As more employers embrace the concept of value-based insurance design to improve medication adherence, Dr. A. Mark Fendrick and his colleagues at the University of Michigan Center for Value Based Insurance Design in Ann Arbor have been conducting research to determine how these benefit designs affect health outcomes and employer cost-containment efforts. Dr. Fendrick co-founded the center in 2005 with Michael Chernew, a professor of health care policy at Harvard Medical School in Boston. In an interview with Business Insurance Senior Editor Joanne Wojcik, Dr. Fendrick shared his thoughts on value-based insurance design and described some of the work the center has been performing to support it.
Q: How long have you personally been working in value-based insurance design and what attracted you to it?
Dr. Chernew and I have collaborated for nearly 17 years. Our primary motivation was the lack of appropriate incentives for both consumers and providers of health care to achieve the most health for the money spent.
Initially, the attraction was the lack of alignment between the practice of evidence-based medicine to reimbursement systems. More recently was a concern that one of the most common cost containment mechanisms used by payers—shifting costs to patients—would lead to adverse clinical effects. We can now say with great certainty that this concern has become reality.
Q: Describe some of the projects the center is working on or has completed.
The center is involved in several projects employing the concept of value-based insurance design, including:
Q: How has the center's work been reflected in the various health reform measures under consideration by Congress?
The Senate health care reform proposal includes concepts of value-based insurance design.
The Patient Protection and Affordable Care Act, which represents a combination of bills passed previously by the Senate Finance and Health, Education, Labor & Pensions committees and will become the vehicle for debate on health care reform in the Senate, allows the secretary of Health and Human Services to develop guidelines to permit health plans to use the concepts of value-based insurance design in providing coverage.
H.R. 3962, the Affordable Health Care for America Act, would allow health benefits plans to modify cost-sharing and payment rates to encourage the use of services that promote health and value.
Q: How might VBID principles be applied in government-funded health care programs such as Medicare and Medicaid?
Alignment of incentives to produce (better) health at any price should be a goal of both the public and private sector.
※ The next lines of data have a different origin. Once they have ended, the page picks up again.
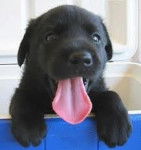 Labby - Labrador Retriever (4 mois)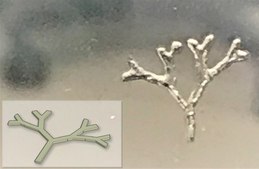 TissueFab&#174; bioink&nbsp; Alg(Gel)ma -UV/365 nm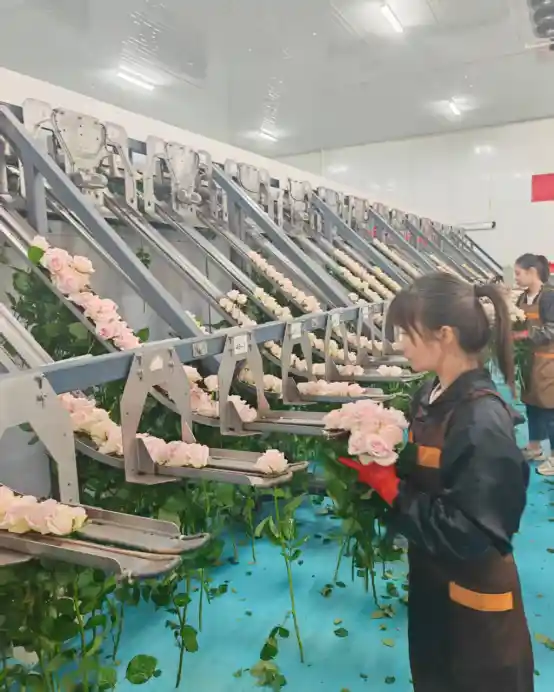 云南姚安：数字养花催生乡村振兴新经济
There is more than enough money in the system. We just need to choose to spend it on health care services—prevention, diagnosis, treatments and monitoring—that have been demonstrated to produce value, with value defined as the clinical benefit for the money spent.
We were very pleased when, last spring, federal legislation was introduced to advance concepts of value-based insurance design in Medicare. (U.S. Sens.) Debbie Stabenow, D-Mich., and Kay Bailey Hutchison, R-Texas, introduced S. 1040, the Seniors' Medication Copayment Reduction Act of 2009, advancing the principles of value-based insurance design in the Medicare population.
This legislation will establish a five-year demonstration program using value-based insurance design to assess the impact of a reduction in copayments or coinsurance charged Medicare beneficiaries for certain high-value medications on adherence to those medications.
Q: How do you predict VBID will evolve as it is adopted by government and the private sector?
There is great momentum behind the VBID concept in both public and the private sector. While initially limited to prescription drugs, self-insured organizations and health plans have incorporated VBID principles into prevention, diagnostic testing, physician visits, hospital selection and treatments.